XL Group concluded its 2014 first quarter with some encouraging results. But it seemed like all CEO Mike McGavick wanted to talk about at first, during the company’s May 2 earnings call, was the decision to sell off its life reinsurance subsidiary for $570 million in cash.
He said the deal, disclosed May 1, reflected the end result of more than six years of planning and strategizing, leading to a much-sought-after narrower focus on property/casualty insurance and reinsurance.
“This is a call I have been looking forward to for six years,” McGavick said about the sale at the start of the earnings call. “I am truly excited by the culmination of an effort we started working on immediately after I was hired in 2008.”
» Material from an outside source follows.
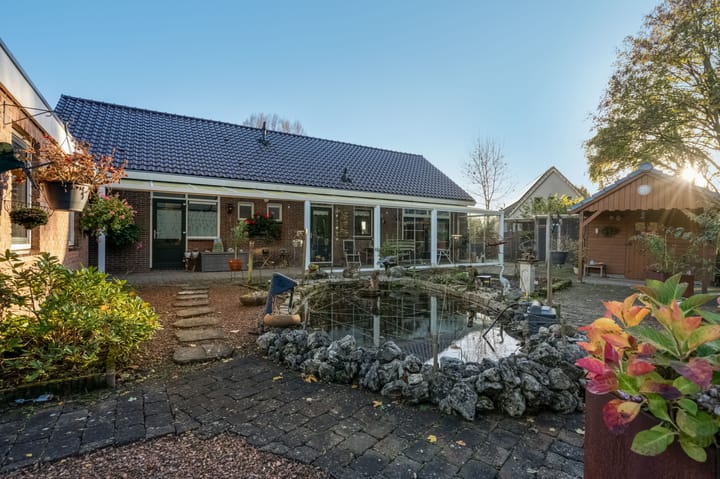 Foto 7 van Strekel 25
On May 1, XL announced it would sell its wholly owned subsidiary, XL Life Reinsurance Ltd. (XLLR) to GreyCastle Holdings, a newly-formed Bermuda company with a shareholder list that includes university endowments and large family offices. The deal, McGavick admitted, is a complex one that involves the retrocession of $4.4 billion out of $4.8 billion of total XL life insurance reserves to GreyCastle. McGavick termed the deal as a “funds-withheld” reinsurance transaction, where XL will keep the assets on its books and accounts, but GreyCastle gets “the management of these assets and the economic benefit.”
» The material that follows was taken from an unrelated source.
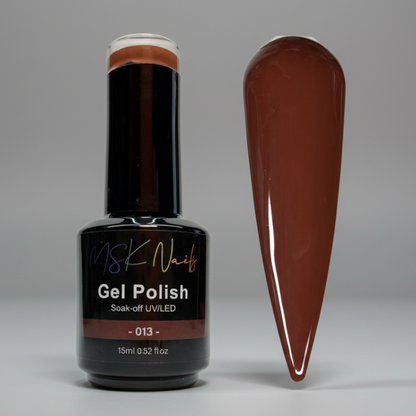 013 - Gel Polish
McGavick said the unusual way XL structured the sale is ideal because “not letting this assets go is the ultimate protection in-and-of-itself,” allowing XL to “recapture assets” if the benefits to all parties involved end up declining.
The main goal, of course, is to recommit to property/casualty insurance and reinsurance, and McGavick said that the sale creates a much stronger ability to nurture those rebounding businesses even further.
“We are a global property insurance and reinsurance underwriter,” McGavick said. ‘This is what we do. Having this block of life Re businesses to tend to and the inherent risks introduced into our businesses by them distracts and detracts from our core businesses. Getting [the life Re business] off our minds … improves the shareholder environment.”
Along those lines, XL said its 2014 first quarter produced generally encouraging results, in a period that was one of the company’s best since the end of 2008, McGavick said.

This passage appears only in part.